- _What is needed_: Copy nothing but the lines below running from the line containing "Pehr-Essentials Kids Legging-Pale Pink-4" through the line containing "High-Gloss Marble Effect", both end lines included.

- _The data_:

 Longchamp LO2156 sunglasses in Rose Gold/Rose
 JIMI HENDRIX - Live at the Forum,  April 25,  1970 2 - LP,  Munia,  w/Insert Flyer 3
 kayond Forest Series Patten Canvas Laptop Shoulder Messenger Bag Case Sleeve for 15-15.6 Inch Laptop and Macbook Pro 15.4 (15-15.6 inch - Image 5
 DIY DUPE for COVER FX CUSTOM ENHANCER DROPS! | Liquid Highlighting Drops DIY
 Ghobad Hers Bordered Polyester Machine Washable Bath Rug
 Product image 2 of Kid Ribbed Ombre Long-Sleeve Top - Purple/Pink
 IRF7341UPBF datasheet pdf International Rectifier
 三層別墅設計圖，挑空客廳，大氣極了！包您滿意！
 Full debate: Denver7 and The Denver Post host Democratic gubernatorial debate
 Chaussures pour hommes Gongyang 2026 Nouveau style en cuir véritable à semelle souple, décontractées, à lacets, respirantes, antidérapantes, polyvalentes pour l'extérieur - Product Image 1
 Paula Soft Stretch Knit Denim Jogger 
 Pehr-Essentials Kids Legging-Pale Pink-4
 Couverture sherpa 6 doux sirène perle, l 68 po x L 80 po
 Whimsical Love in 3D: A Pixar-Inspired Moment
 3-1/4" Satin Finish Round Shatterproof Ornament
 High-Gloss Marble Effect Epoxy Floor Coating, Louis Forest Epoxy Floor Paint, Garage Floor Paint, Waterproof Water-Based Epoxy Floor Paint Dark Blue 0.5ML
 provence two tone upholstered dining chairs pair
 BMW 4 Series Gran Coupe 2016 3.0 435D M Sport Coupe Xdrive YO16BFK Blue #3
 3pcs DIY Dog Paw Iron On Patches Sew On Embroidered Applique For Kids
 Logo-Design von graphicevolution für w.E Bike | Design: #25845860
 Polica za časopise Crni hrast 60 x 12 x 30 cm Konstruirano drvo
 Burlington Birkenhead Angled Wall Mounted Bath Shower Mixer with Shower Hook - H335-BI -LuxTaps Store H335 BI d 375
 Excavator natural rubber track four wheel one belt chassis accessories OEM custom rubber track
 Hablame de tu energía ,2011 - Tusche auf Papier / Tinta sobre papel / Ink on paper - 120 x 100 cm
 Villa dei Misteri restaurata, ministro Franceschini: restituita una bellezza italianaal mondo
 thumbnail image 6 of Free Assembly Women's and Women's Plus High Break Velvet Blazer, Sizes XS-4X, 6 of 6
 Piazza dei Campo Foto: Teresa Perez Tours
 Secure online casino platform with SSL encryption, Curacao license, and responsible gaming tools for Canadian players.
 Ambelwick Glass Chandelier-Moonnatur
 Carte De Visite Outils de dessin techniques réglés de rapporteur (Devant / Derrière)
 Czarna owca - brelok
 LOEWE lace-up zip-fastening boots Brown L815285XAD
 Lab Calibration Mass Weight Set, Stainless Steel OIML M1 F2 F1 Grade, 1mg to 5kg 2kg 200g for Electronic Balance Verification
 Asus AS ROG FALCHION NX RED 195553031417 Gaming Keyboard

- _Output below_:
 Pehr-Essentials Kids Legging-Pale Pink-4
 Couverture sherpa 6 doux sirène perle, l 68 po x L 80 po
 Whimsical Love in 3D: A Pixar-Inspired Moment
 3-1/4" Satin Finish Round Shatterproof Ornament
 High-Gloss Marble Effect Epoxy Floor Coating, Louis Forest Epoxy Floor Paint, Garage Floor Paint, Waterproof Water-Based Epoxy Floor Paint Dark Blue 0.5ML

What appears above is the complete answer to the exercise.